Content starts

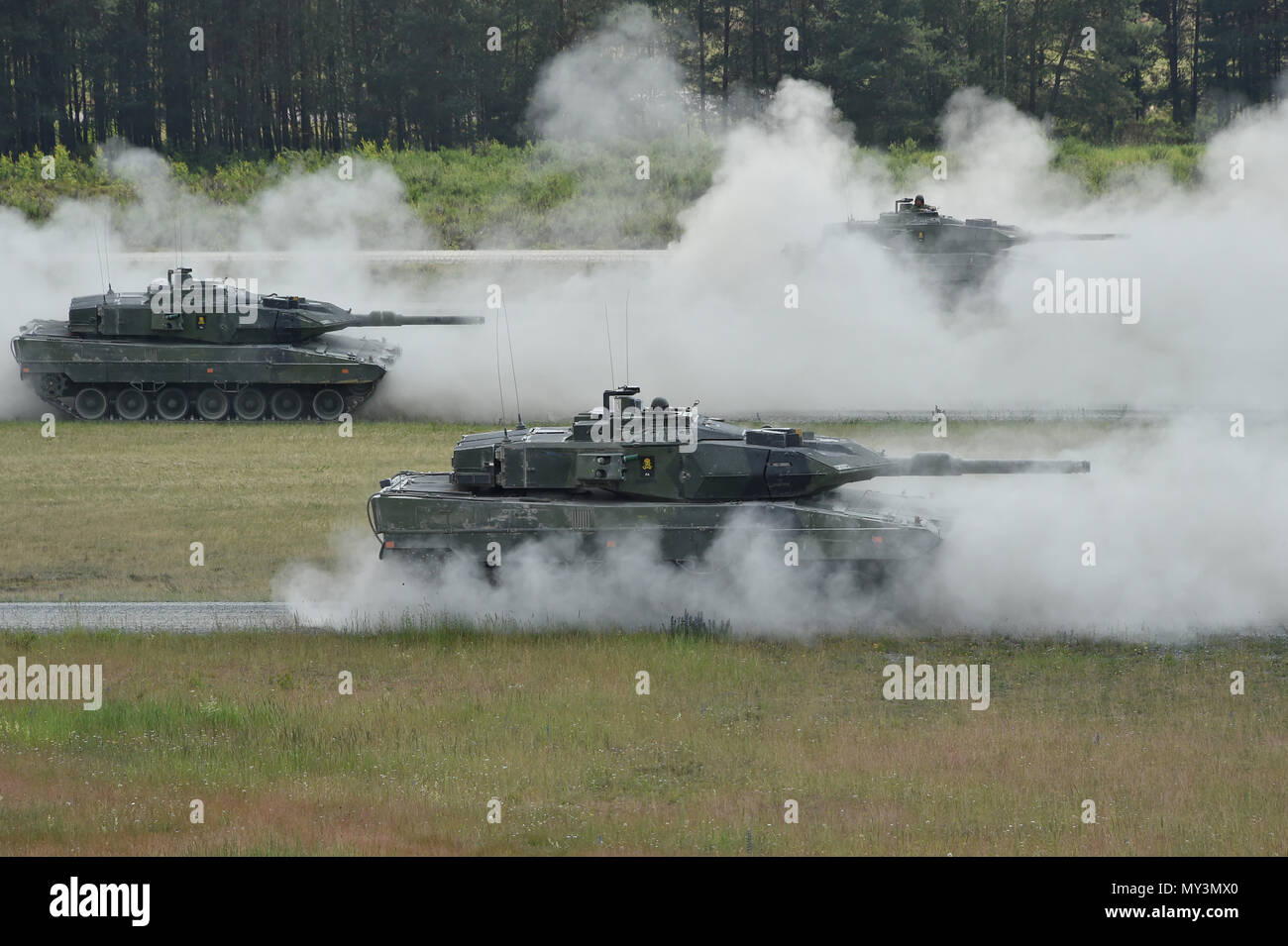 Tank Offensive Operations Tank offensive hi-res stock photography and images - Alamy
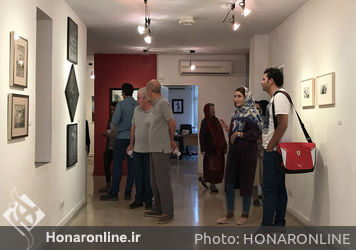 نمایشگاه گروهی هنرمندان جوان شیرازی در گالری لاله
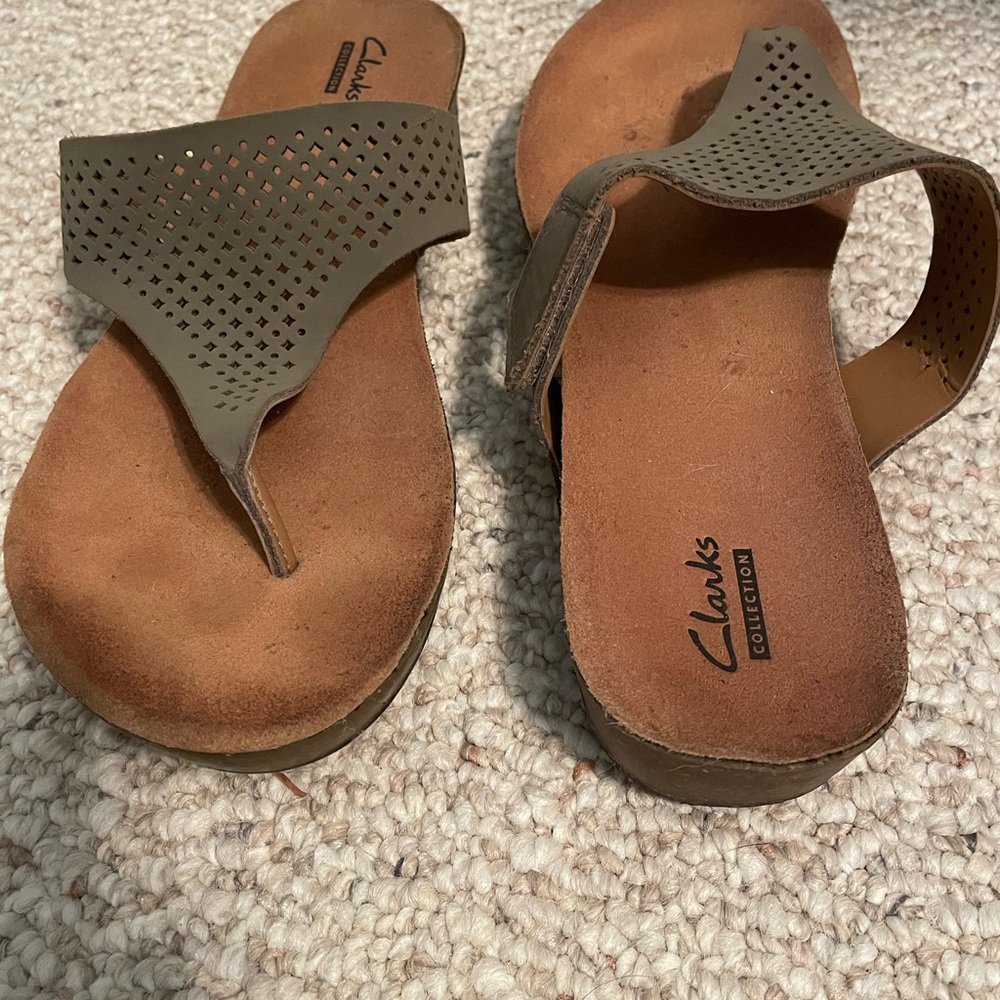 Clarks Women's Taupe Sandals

Content ends

- Problem details
Could you print the listing above exactly, without the pictures?

- Answer for the task
 Tank Offensive Operations Tank offensive hi-res stock photography and images - Alamy
 نمایشگاه گروهی هنرمندان جوان شیرازی در گالری لاله
 Clarks Women's Taupe Sandals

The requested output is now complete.